** DATASET EXTRACT **
+++++

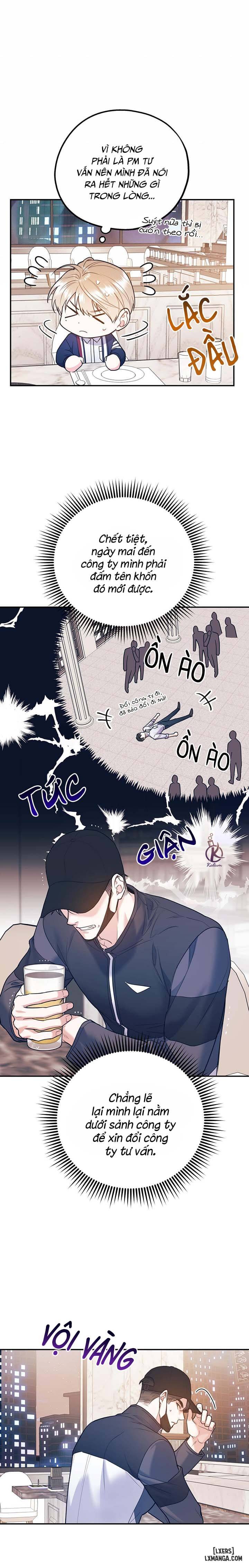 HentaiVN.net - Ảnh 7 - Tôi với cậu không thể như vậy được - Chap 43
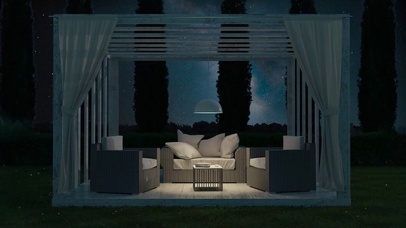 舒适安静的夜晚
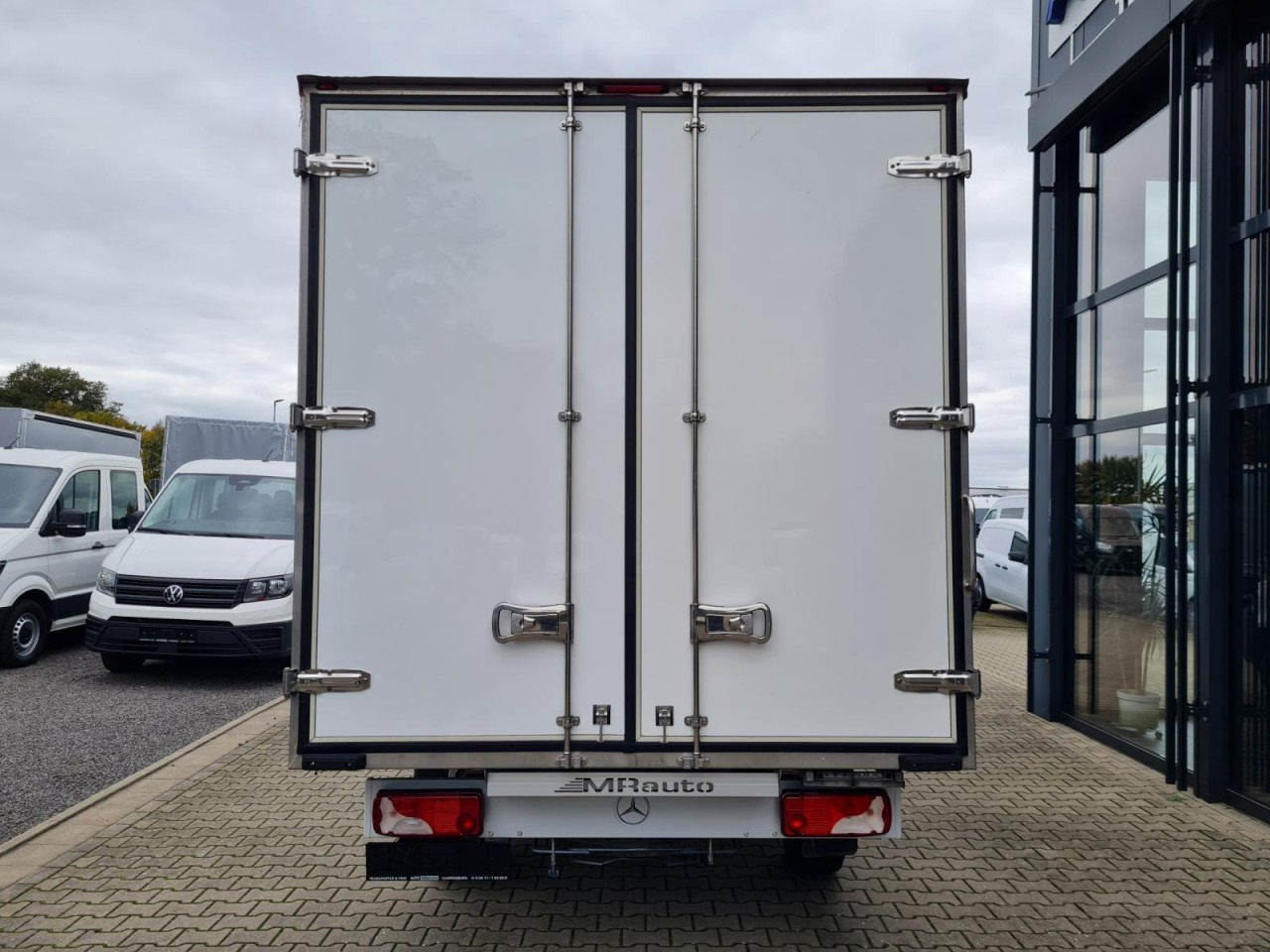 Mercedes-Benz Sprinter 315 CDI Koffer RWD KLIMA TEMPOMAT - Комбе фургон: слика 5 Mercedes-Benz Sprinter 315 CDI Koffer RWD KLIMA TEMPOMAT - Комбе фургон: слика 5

+++++

** ASSIGNED TASK **
Repeat the material above exactly; pictures do not belong in the copy.

** ANSWER FOR THE TASK **
 HentaiVN.net - Ảnh 7 - Tôi với cậu không thể như vậy được - Chap 43
 舒适安静的夜晚
 Mercedes-Benz Sprinter 315 CDI Koffer RWD KLIMA TEMPOMAT - Комбе фургон: слика 5 Mercedes-Benz Sprinter 315 CDI Koffer RWD KLIMA TEMPOMAT - Комбе фургон: слика 5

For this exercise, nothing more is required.